Clouds are good because they’re easy, cheap, fast, and can easily scale up and down. They’re easy because you don’t have to purchase anything to get started; just upload your stuff and go. They’re fast because you don’t have to go through your own procurement cycle, get the hardware, hire a sysadmin, upgrade your HVAC and power, etc. They’re cheap because you don’t have to shell out up front for hardware and licenses before getting going; you pay for what you use, when you use it. Finally, they scale because they’re on some monster compute center somewhere (think Google, Amazon, Microsoft – all cloud providers with acres of systems, and IBM’s getting in there too) that can populate servers and remove them very quickly – it’s their job, they’re good at it (or should be) – so if your app takes off and suddenly has huge requirements, you’re golden; and if your app tanks, all those servers can be given back. (This implicitly assumes “scale out,” not multicore, but that’s what everybody means by scale, anyway.)

It is possible, if you’re into such things, to have an interminable discussion with Grid Computing people about whether a cloud is a grid, grid includes cloud, a cloud is a grid with a simpler user interface, and so on. Foo. Similar discussions can revolve around terms like utility computing, SaaS (Software as a Service), PaaS (Platform as …), IaaS (Infrastructure …) and so on. Double foo – but with a nod to the antiquity of “utility computing.” Late 60s. Project MAC. Triassic computing.

Microsoft Azure Services slots directly into the spectrum of my definition at the “provide standard commercial infrastructure” point: Write your code using Microsoft .NET, Windows Live, and similar services; upload it to a Microsoft data center; and off you go. Its presentation is replete with assurances that people used to Microsoft’s development environment (.NET and related) can write the same kind of things for the Microsoft cloud. Code doesn’t port without change, since it will have to use different services – Azure’s storage services in particular look new, although SQL Services are there – but it’s the same kind of development process and code structure many people know and are comfortable with.

That sweeps up a tremendous number of potential cloud developers, and so in my estimation bodes very well for Microsoft doing a great hosting business over time. Microsoft definitely got out in front of the curve on this one. This assumes, of course, that the implementation works well enough. It’s all slideware right now, but a beta-ish Community Technology Preview platform is supposed to be available this fall (2008).

For more details, see Microsoft’s web site discussion and a rather well-written white paper.

So this is important, and big, and is likely to be widely used. Let’s get back to the multicore scaling issues.

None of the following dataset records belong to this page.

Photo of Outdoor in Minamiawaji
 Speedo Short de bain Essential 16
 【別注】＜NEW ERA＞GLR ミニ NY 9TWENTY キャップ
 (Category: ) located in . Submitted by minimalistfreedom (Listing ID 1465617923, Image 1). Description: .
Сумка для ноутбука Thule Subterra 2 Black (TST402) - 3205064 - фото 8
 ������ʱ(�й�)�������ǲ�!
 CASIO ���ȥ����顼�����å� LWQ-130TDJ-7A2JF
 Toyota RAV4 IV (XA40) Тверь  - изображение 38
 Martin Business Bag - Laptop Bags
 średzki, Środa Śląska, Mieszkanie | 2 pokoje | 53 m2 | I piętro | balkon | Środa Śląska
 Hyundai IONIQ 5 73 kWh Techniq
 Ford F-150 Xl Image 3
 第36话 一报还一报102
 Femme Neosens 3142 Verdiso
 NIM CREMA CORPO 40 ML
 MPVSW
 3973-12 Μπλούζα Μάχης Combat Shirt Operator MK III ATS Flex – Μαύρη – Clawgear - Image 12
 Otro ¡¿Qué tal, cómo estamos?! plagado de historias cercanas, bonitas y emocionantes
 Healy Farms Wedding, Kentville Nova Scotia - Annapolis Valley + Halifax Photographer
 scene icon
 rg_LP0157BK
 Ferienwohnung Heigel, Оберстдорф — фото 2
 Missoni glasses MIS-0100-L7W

That issue leaps out of the white paper with an illustration on page 13 (Figure 6) and a paragraph following. That wasn’t the intent of what was written, which was actually intended to show why you don’t have to manage or build your own Windows systems. But it suffices. Here’s the figure:

[Figure explanation: IIS is Microsoft’s web server (Internet Information Services) that receives web HTTP requests. The Web Role Instance is user code that initially processes that, and passes it off to the Worker Role Instance through queues via the Agents. This is all apparently standard .NET stuff (“apparently” because I can’t claim to be a .NET expert). So the two sets of VM boxes roughly correspond to the web tier (1^st tier), with IIS instead of Apache, and application tier (2^nd tier) in non-Microsoft lingo.]

Here’s the paragraph:

While this might change over time, Windows Azure’s initial release maintains a one-to-one relationship between a VM [virtual machine] and a physical processor core. Because of this, the performance of each application can be guaranteed—each Web role instance and Worker role instance has its own dedicated processor core. To increase an application’s performance, its owner can increase the number of running instances specified in the application’s configuration file. The Windows Azure fabric will then spin up new VMs, assign them to cores, and start running more instances of this application. The fabric also detects when a Web role or Worker role instance has failed, then starts a new one.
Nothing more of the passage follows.